YOUR ASSIGNMENT. Give back, unchanged, the lines from the one containing "血色唐人街新本案件攻略(血色唐人街真相推理要点)" to the end of the listing, inclusive of both.

--------------------------------

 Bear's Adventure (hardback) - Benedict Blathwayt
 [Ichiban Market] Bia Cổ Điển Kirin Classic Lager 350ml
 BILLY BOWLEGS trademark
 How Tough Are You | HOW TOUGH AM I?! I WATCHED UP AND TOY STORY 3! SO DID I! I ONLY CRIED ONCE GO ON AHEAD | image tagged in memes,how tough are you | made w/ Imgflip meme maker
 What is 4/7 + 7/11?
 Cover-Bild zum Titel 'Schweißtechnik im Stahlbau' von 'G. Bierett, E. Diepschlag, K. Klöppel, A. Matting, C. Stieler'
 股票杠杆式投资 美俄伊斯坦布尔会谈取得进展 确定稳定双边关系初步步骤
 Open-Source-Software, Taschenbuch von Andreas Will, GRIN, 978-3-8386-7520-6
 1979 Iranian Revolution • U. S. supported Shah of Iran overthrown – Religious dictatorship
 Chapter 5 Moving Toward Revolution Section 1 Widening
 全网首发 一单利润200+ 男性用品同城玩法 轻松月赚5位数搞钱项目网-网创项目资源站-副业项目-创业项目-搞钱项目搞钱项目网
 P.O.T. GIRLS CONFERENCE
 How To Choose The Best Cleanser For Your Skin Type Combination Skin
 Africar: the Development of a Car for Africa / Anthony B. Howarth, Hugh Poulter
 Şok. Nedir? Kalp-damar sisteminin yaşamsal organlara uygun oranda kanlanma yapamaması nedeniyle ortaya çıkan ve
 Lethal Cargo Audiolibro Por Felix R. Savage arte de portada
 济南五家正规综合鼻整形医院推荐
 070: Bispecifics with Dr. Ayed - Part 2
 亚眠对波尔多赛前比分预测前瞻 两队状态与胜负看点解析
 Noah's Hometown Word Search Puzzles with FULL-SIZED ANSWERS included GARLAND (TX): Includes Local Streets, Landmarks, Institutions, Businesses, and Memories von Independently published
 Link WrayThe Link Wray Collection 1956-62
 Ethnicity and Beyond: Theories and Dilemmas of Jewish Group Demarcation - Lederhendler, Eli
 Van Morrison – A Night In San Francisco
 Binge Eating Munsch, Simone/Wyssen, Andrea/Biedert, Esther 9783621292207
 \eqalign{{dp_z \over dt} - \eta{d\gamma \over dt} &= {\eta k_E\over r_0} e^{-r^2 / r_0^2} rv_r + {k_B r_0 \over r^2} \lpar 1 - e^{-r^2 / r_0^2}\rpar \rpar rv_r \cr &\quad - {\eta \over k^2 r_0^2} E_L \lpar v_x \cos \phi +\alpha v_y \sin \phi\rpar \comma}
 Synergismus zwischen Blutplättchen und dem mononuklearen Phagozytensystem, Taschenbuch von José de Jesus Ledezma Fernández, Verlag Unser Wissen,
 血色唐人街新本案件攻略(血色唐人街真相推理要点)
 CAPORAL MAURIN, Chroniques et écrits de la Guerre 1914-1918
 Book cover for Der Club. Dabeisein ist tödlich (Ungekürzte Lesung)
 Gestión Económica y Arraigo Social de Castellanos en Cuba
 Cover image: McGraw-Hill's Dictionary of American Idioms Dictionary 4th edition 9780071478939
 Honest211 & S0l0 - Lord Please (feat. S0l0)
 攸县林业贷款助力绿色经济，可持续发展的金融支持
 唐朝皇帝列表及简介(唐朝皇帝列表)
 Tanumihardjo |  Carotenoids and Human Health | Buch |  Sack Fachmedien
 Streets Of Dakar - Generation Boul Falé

--------------------------------

EXERCISE ANSWER.
 血色唐人街新本案件攻略(血色唐人街真相推理要点)
 CAPORAL MAURIN, Chroniques et écrits de la Guerre 1914-1918
 Book cover for Der Club. Dabeisein ist tödlich (Ungekürzte Lesung)
 Gestión Económica y Arraigo Social de Castellanos en Cuba
 Cover image: McGraw-Hill's Dictionary of American Idioms Dictionary 4th edition 9780071478939
 Honest211 & S0l0 - Lord Please (feat. S0l0)
 攸县林业贷款助力绿色经济，可持续发展的金融支持
 唐朝皇帝列表及简介(唐朝皇帝列表)
 Tanumihardjo |  Carotenoids and Human Health | Buch |  Sack Fachmedien
 Streets Of Dakar - Generation Boul Falé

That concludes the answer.